TASK TO CARRY OUT:
Return the listing exactly, please; no pictures.

GIVEN ENTRIES:
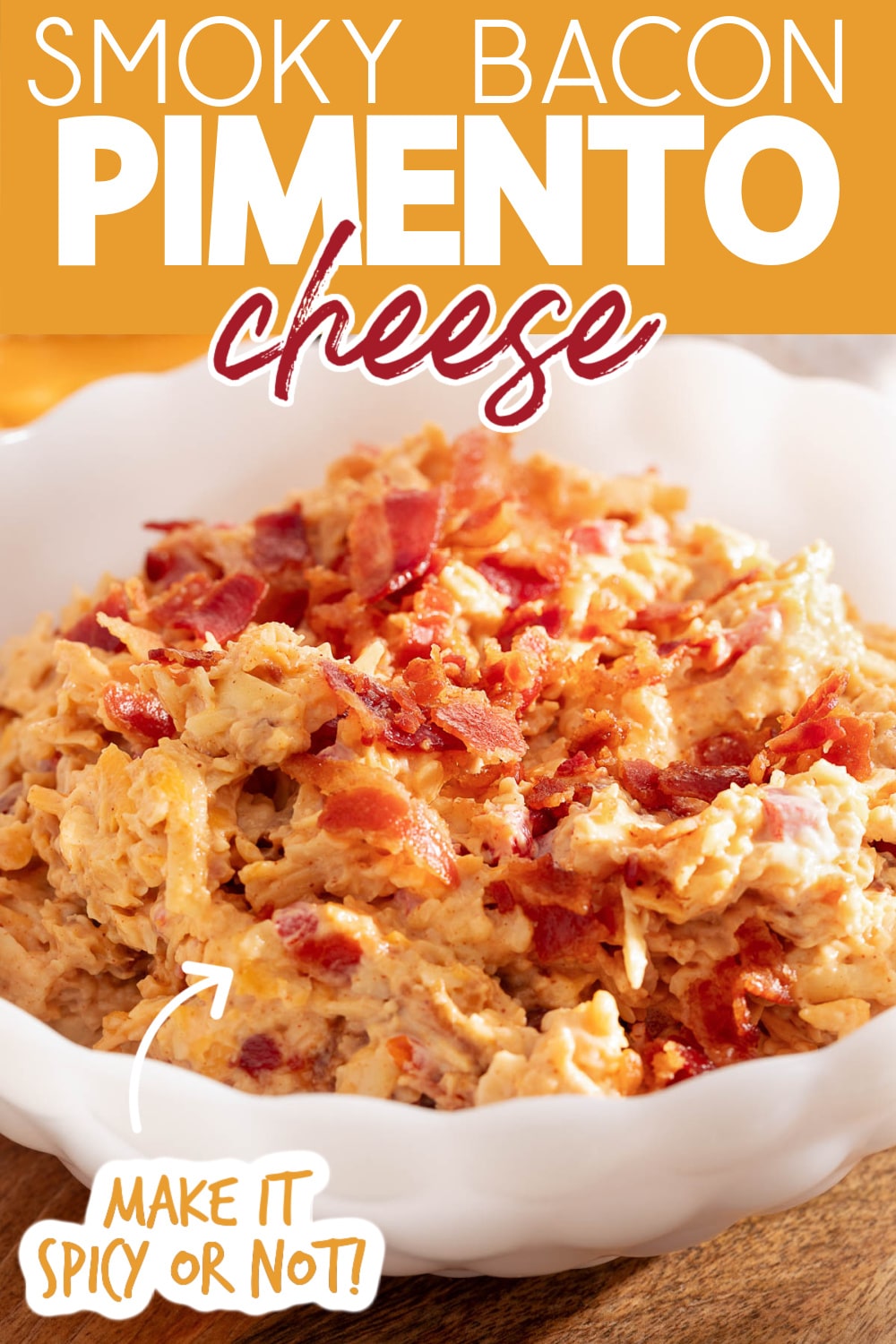 bacon pimento cheese in a white scalloped bowl. Text reads "Smoky Bacon Pimento Cheese" "Make it Spicy or Not!"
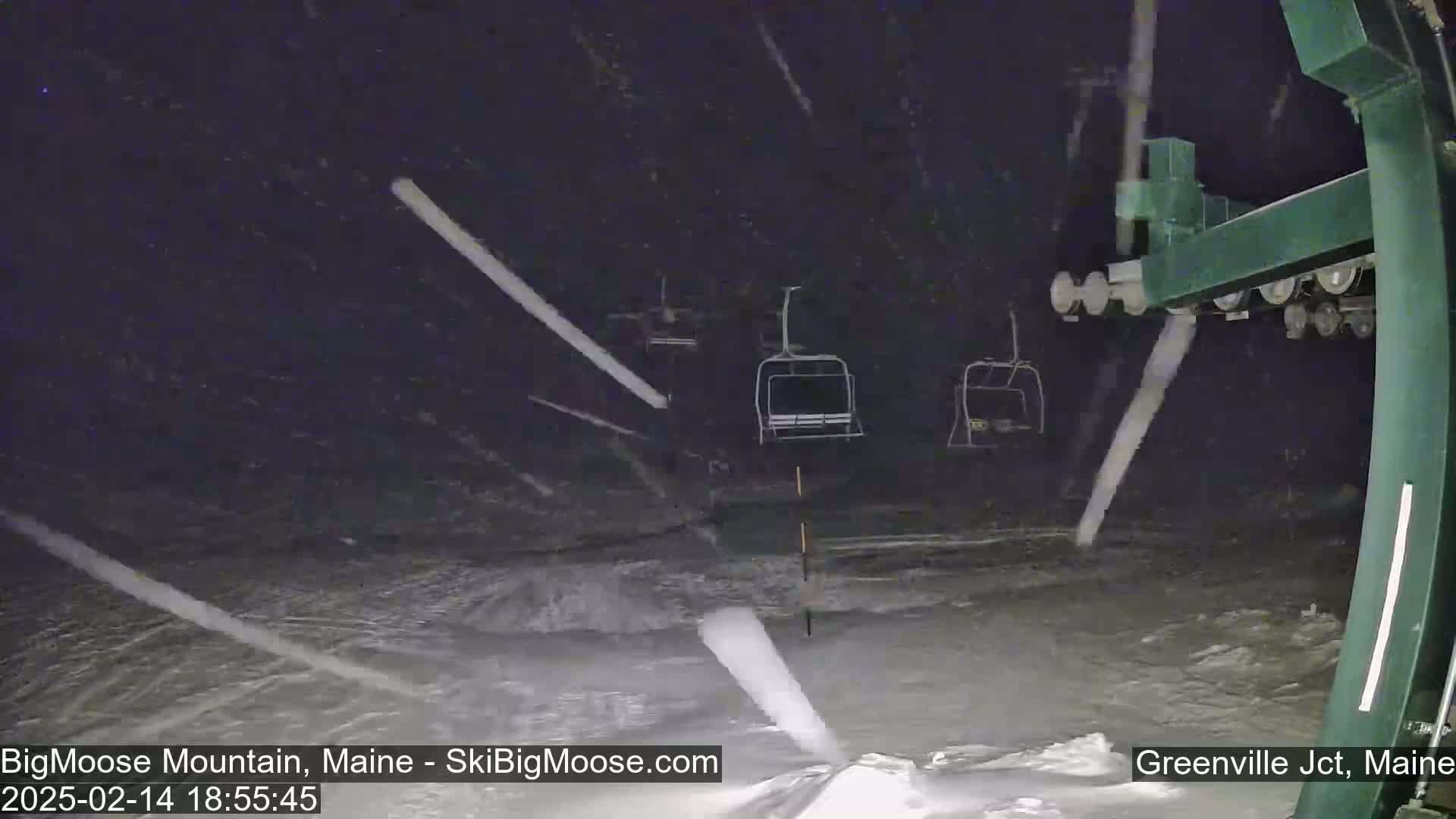 A nighttime view of a ski lift in heavy snowfall.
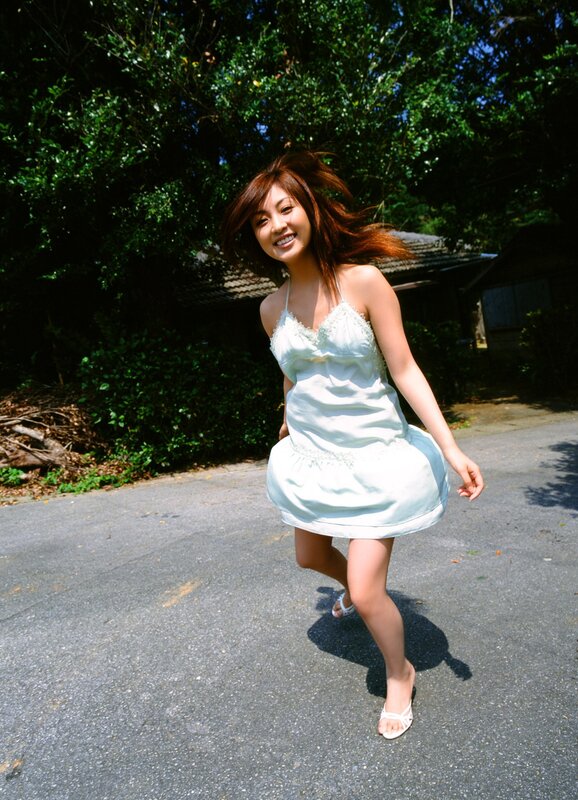 Woman in white dress smiling
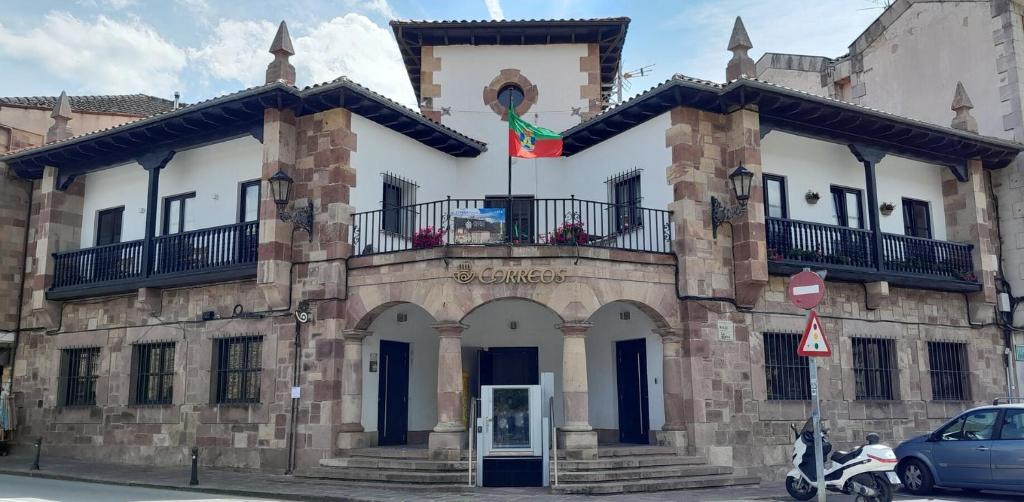 a building with a flag on top of it at Apartamento Corazón de Liébana in Potes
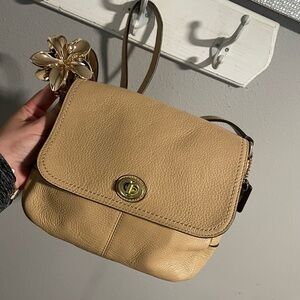 Coach Tan Leather Crossbody Bag with Gold Floral Accent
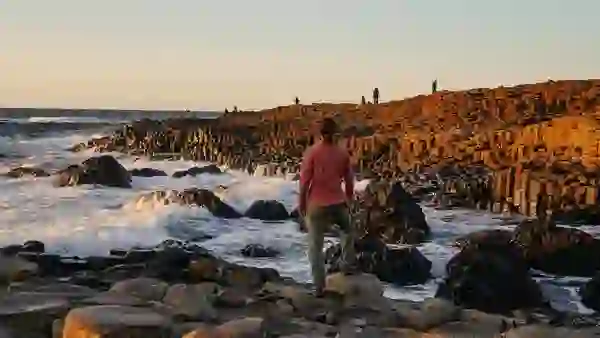 Person standing among the basalt columns of the Giant's Causeway, County Antrim.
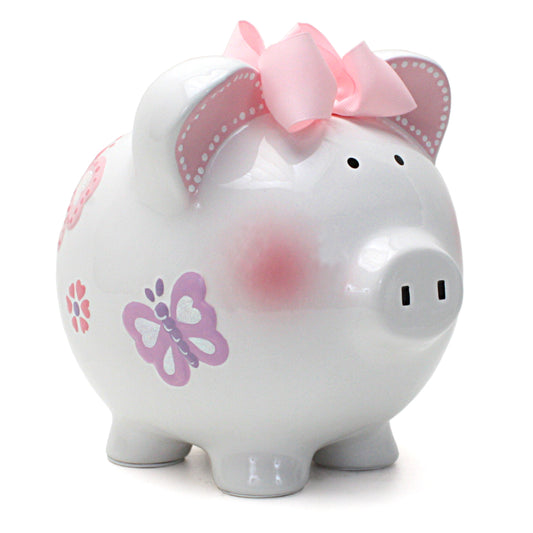 Front diagonal view of white ceramic piggy bank with handpainted butterflies and pink bow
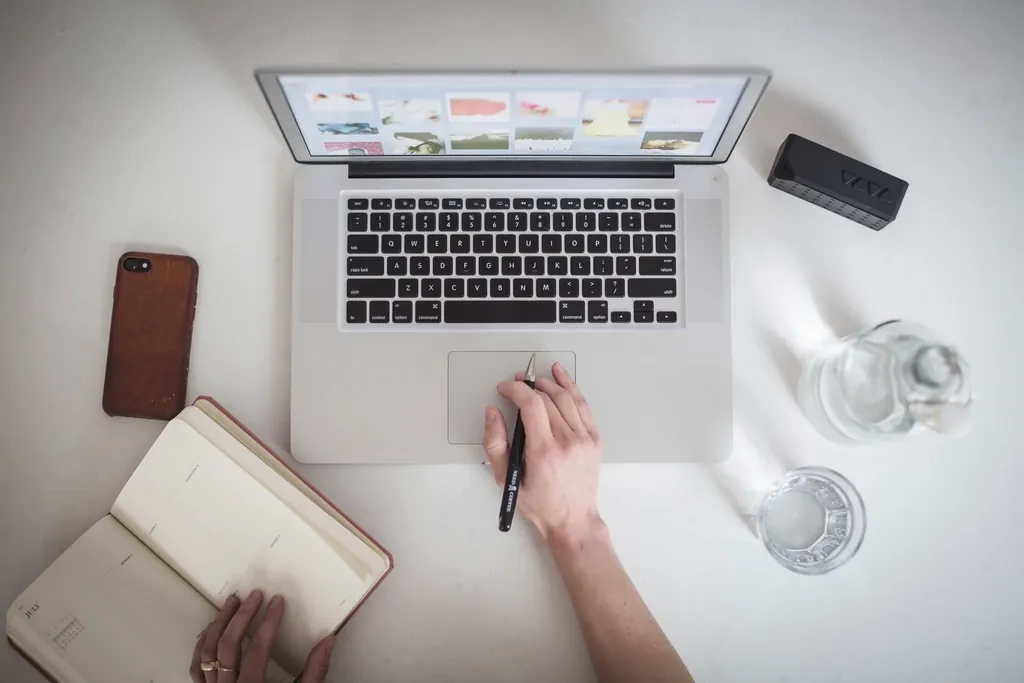 Parent checking a laptop at home, representing the PowerSchool parent portal in Derby
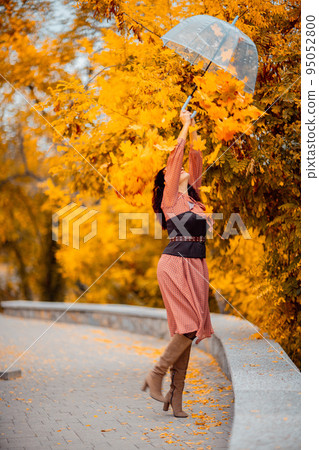 Beautiful girl in a dress with an umbrella in the autumn park. She holds him over her head, autumn leaves are falling out of him 95052800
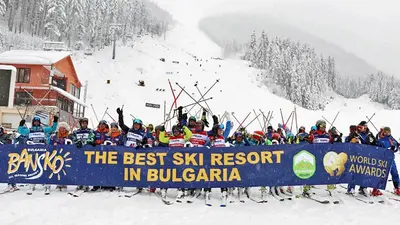 a group of skiers standing behind a sign in the snow at PIRIN PLACE Bansko in Bansko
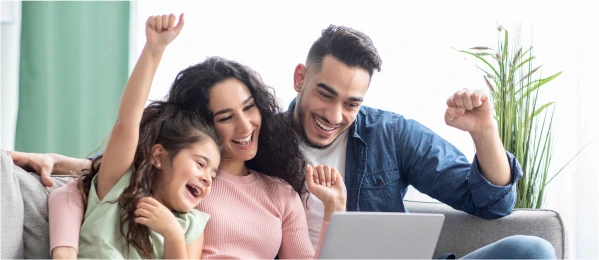 A happy family in front of a laptop.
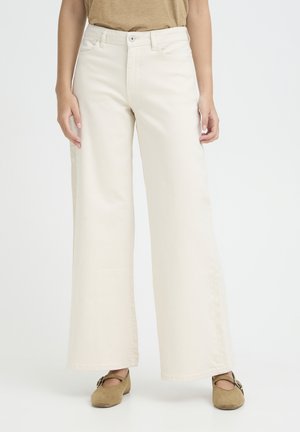 Pantaloni beige a gamba larga con chiusura con bottone e cerniera indossati con ballerine Mary Jane in camoscio marrone su una persona in piedi.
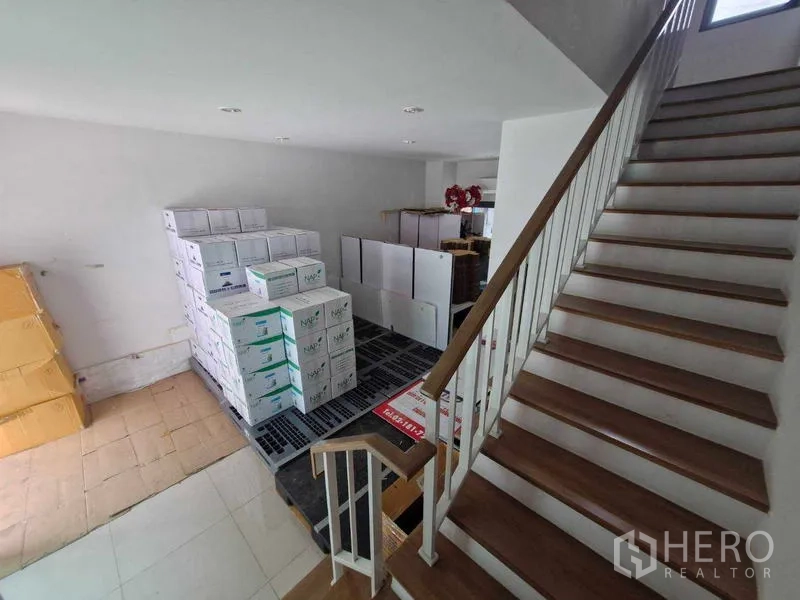 联排别墅 出售在Phra Pradaeng, Samut Prakan - 一层客厅空间与楼梯，室内堆放纸箱，地砖与木地板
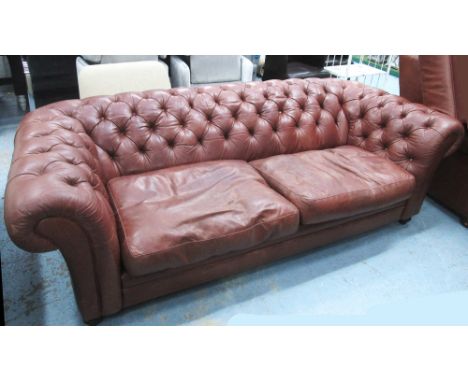 CHESTERFIELD STYLE SOFA, with buttoned brown leather upholstery on bun feet, 220cm L x 73cm H x 97cm D. (with faults)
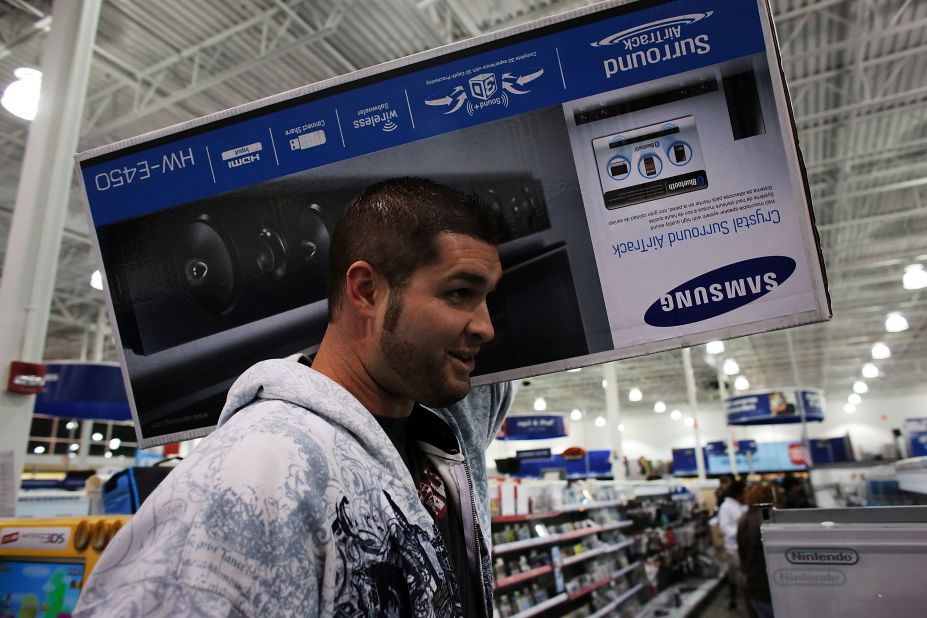 A shopper scores a Samsung sound bar at a Best Buy store in Naples, Florida.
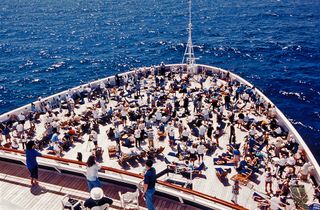 Solar eclipse chasers pack the deck of the MS Veendam cruise ship in the Caribbean Sea during the Feb. 26, 1998 total solar eclipse.
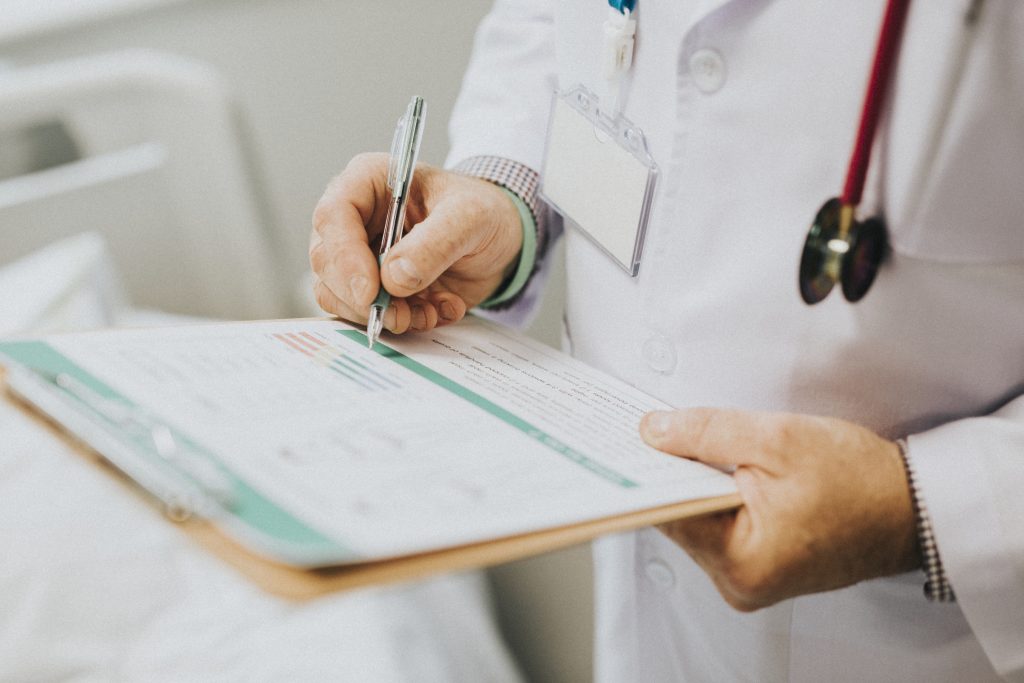 Médico preenchendo carteirinha de paciente, ilustrando a importância da cobertura médica no plano de saúde.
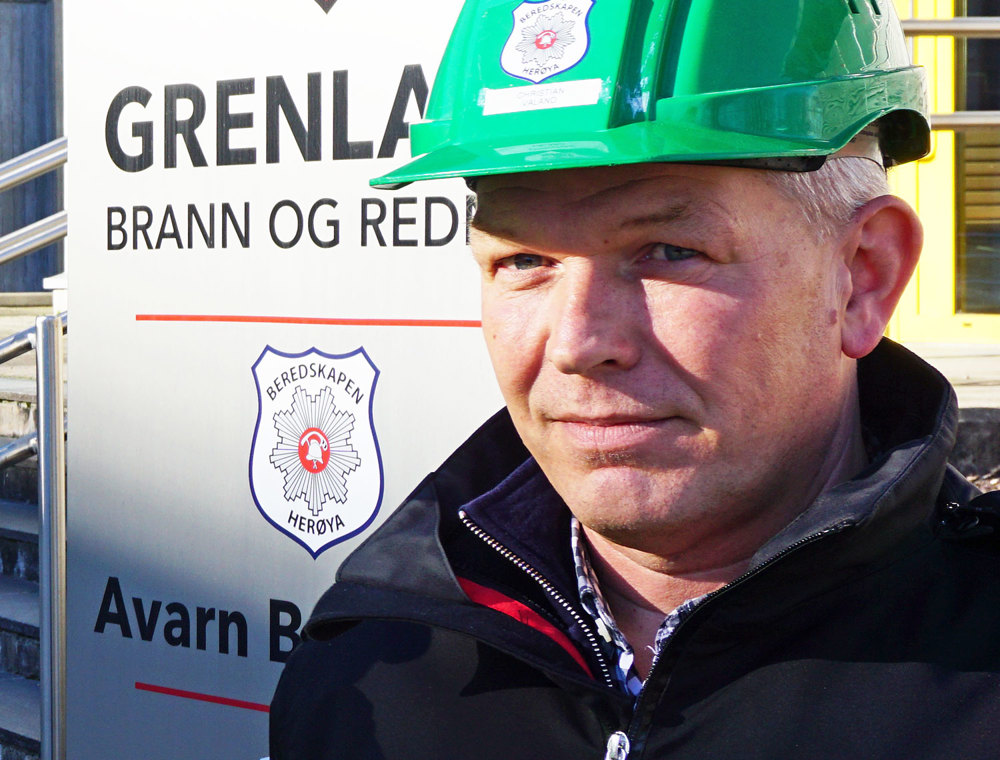 portrett av mann i grønn hjelm, stort skilt med firmalogo i bakgrunnen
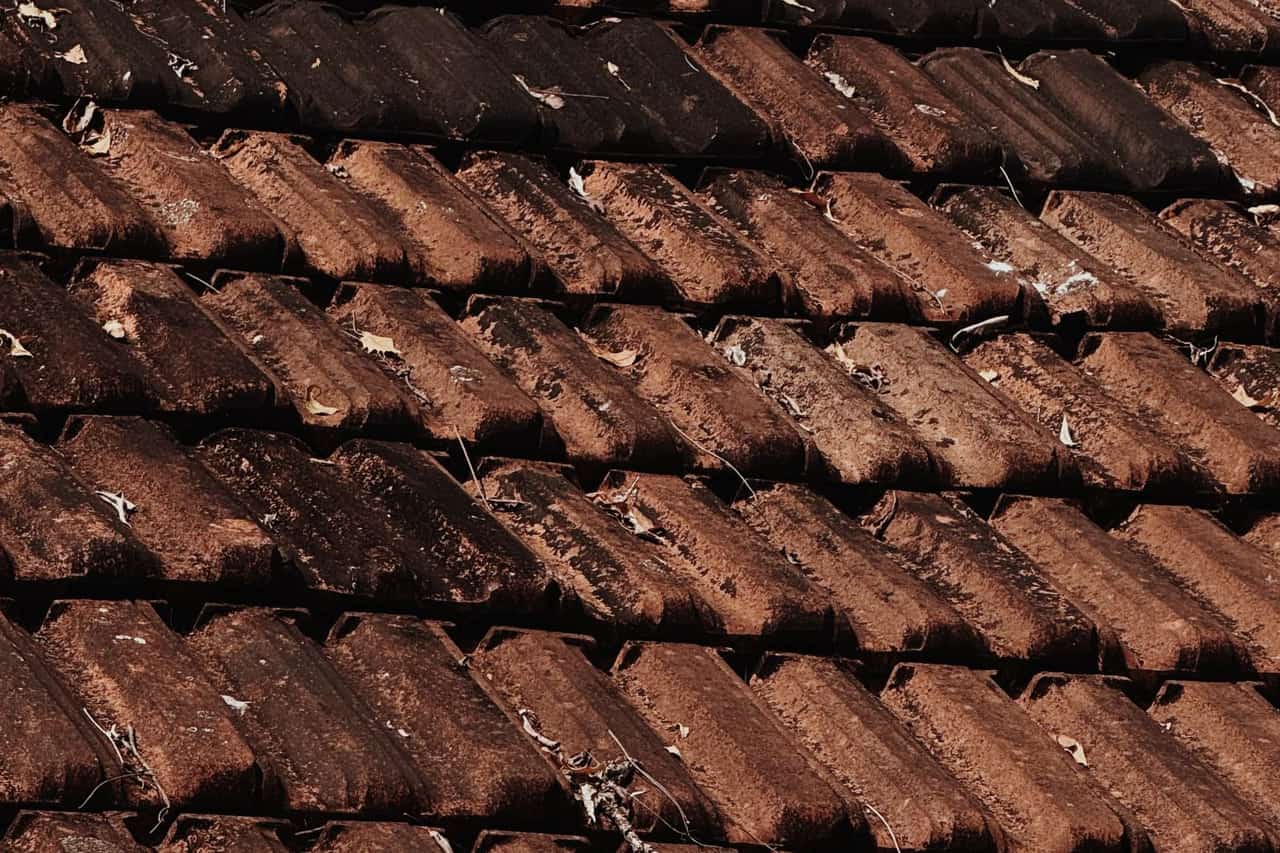 Roof repair Champaign IL: Rustic tiled roof with natural patina texture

RESPONSE BOX:
 bacon pimento cheese in a white scalloped bowl. Text reads "Smoky Bacon Pimento Cheese" "Make it Spicy or Not!"
 A nighttime view of a ski lift in heavy snowfall.
 Woman in white dress smiling
 a building with a flag on top of it at Apartamento Corazón de Liébana in Potes
 Coach Tan Leather Crossbody Bag with Gold Floral Accent
 Person standing among the basalt columns of the Giant's Causeway, County Antrim.
 Front diagonal view of white ceramic piggy bank with handpainted butterflies and pink bow
 Parent checking a laptop at home, representing the PowerSchool parent portal in Derby
 Beautiful girl in a dress with an umbrella in the autumn park. She holds him over her head, autumn leaves are falling out of him 95052800
 a group of skiers standing behind a sign in the snow at PIRIN PLACE Bansko in Bansko
 A happy family in front of a laptop.
 Pantaloni beige a gamba larga con chiusura con bottone e cerniera indossati con ballerine Mary Jane in camoscio marrone su una persona in piedi.
 联排别墅 出售在Phra Pradaeng, Samut Prakan - 一层客厅空间与楼梯，室内堆放纸箱，地砖与木地板
 CHESTERFIELD STYLE SOFA, with buttoned brown leather upholstery on bun feet, 220cm L x 73cm H x 97cm D. (with faults)
 A shopper scores a Samsung sound bar at a Best Buy store in Naples, Florida.
 Solar eclipse chasers pack the deck of the MS Veendam cruise ship in the Caribbean Sea during the Feb. 26, 1998 total solar eclipse.
 Médico preenchendo carteirinha de paciente, ilustrando a importância da cobertura médica no plano de saúde.
 portrett av mann i grønn hjelm, stort skilt med firmalogo i bakgrunnen
 Roof repair Champaign IL: Rustic tiled roof with natural patina texture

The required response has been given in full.